Bookies are rarely seen as charitable organisations, so any time they cough up early on a wager there could be reason for suspicion.

But when online betting agency Sportsbet announced earlier this week it would pay out on unbackable Cox Plate favourite So You Think five days before the race was due to run, there was no catch. The horse was such a cert, said Sportsbet CEO Matthew Tripp, all bets placed before the announcement would be paid in full so punters could “enjoy their winnings early”.

Unsurprisingly, journalists jumped on the feel-good story. According to Media Monitors, 513 outlets gave the betting agency a plug. For a $250,000 ‘outlay’ (as Tripp says, it was likely they were going to pay out anyway), Sportsbet had generated thousands of dollars of free publicity.

Sportsbet is currently the only local gambling firm which pays out on future bets early and, according to Tripp, it’s part of a strategy to help drive turnover and generate interest in the brand. Tripp told Crikey that since the lifting of bookmakers advertising restrictions in 2008 there has been an “advertising land grab” amongst corporate bookies and that early payouts were a way of standing out from the crowd.

It’s no surprise that competition is heating up — online wagering is becoming big business. According to the 2010 Productivity Commission report into gambling, Australians spent $2.82 billion on horse and sport wagering in 2008/09. Of that, around $391 million went into online sports wagering — up 73% from 2004 levels.

It’s not the first time Sportsbet has made a premature pay out. Earlier this year the betting agency announced it would reward all Richmond wooden spoon bets after just four rounds of AFL competition. A late season charge saw Richmond finish 15th, one place above the hapless West Coast Eagles, and the online bookie took a $150,000 hit.

For Sportsbet, the fact that the early payout backfired wasn’t a big deal — by then most of the winnings had been reinvested and Richmond’s defiance simply meant they had made the news twice. Tripp says paying out early isn’t all about good PR, it’s to reward loyal customers as well.

South Australian Senator Nick Xenophon is not impressed.
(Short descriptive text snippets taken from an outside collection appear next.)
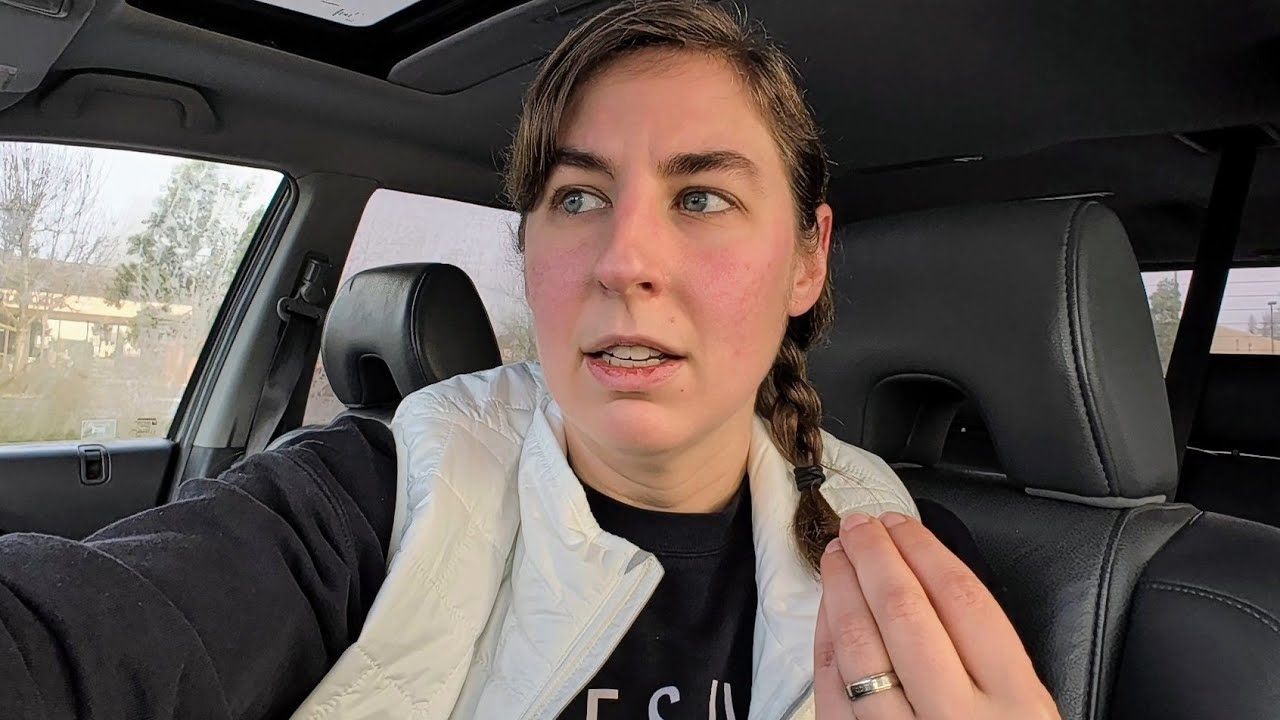 ⛄Non-Keto Christmas Debrief ((shop & chat))
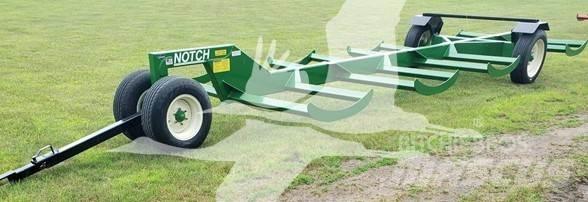 Notch BT8-19K Alte remorci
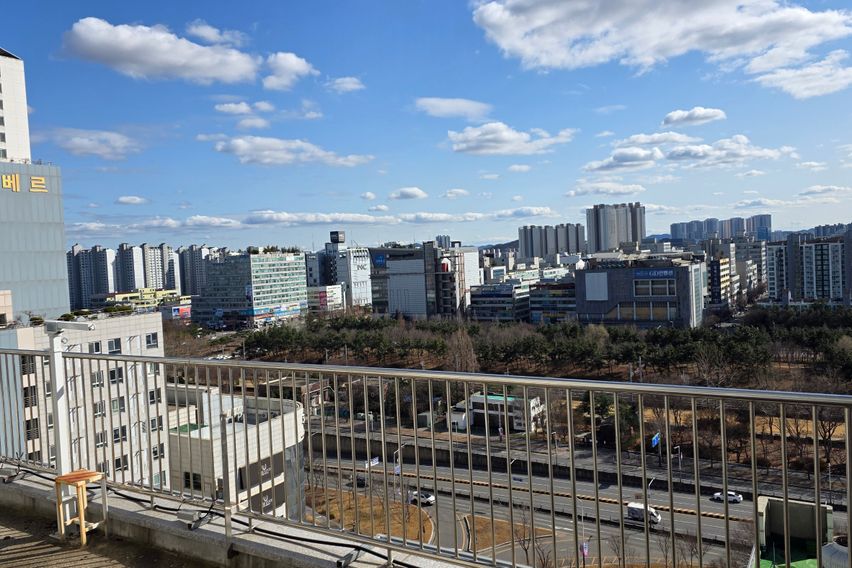 안산풀옵션 밝고멋진뷰3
The noted anti-gambling campaigner is calling for a full-blown inquiry into gambling advertising, as well as the use of sign-up bonuses like free credit, telling Crikey the early payout indicates a “race to the bottom” by the gambling industry.

“Sportsbet is not in any way a philanthropic organisation, they are there to make a quid from punters. What they are doing now, it’s a cynical way of dealing with the proliferation of gambling advertising,” he said.
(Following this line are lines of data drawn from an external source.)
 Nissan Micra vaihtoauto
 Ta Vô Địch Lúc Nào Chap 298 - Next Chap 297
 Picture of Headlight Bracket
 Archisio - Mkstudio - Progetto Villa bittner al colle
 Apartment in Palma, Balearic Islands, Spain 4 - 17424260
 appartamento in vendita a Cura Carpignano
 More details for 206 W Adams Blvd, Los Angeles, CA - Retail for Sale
In the coming months Xenophon will join freshly-elected MP Andrew Wilkie on a new Parliamentary Joint Select Committee, which will advise the government on a response to the Productivity Commission report into gambling. Current figures estimate there are 115,00 problem gamblers in Australia, with the social cost of gambling believed to be at least $4.7 billion a year.

Sportsbet’s parent company, Irish betting agency Paddy Power (it owns 60% of Sportsbet), has been running the early payout stunt for years. Just this month it paid out early on Chinese dissident Liu Xiaobo’s Nobel Prize win, while in May punters collected on Tory bets in the UK election two days before the electorate went to the polls.

In an extra added touch, Paddy Power announced the news by plastering David Cameron’s face on the Houses of Parliament next to the words “we’ve paid out”.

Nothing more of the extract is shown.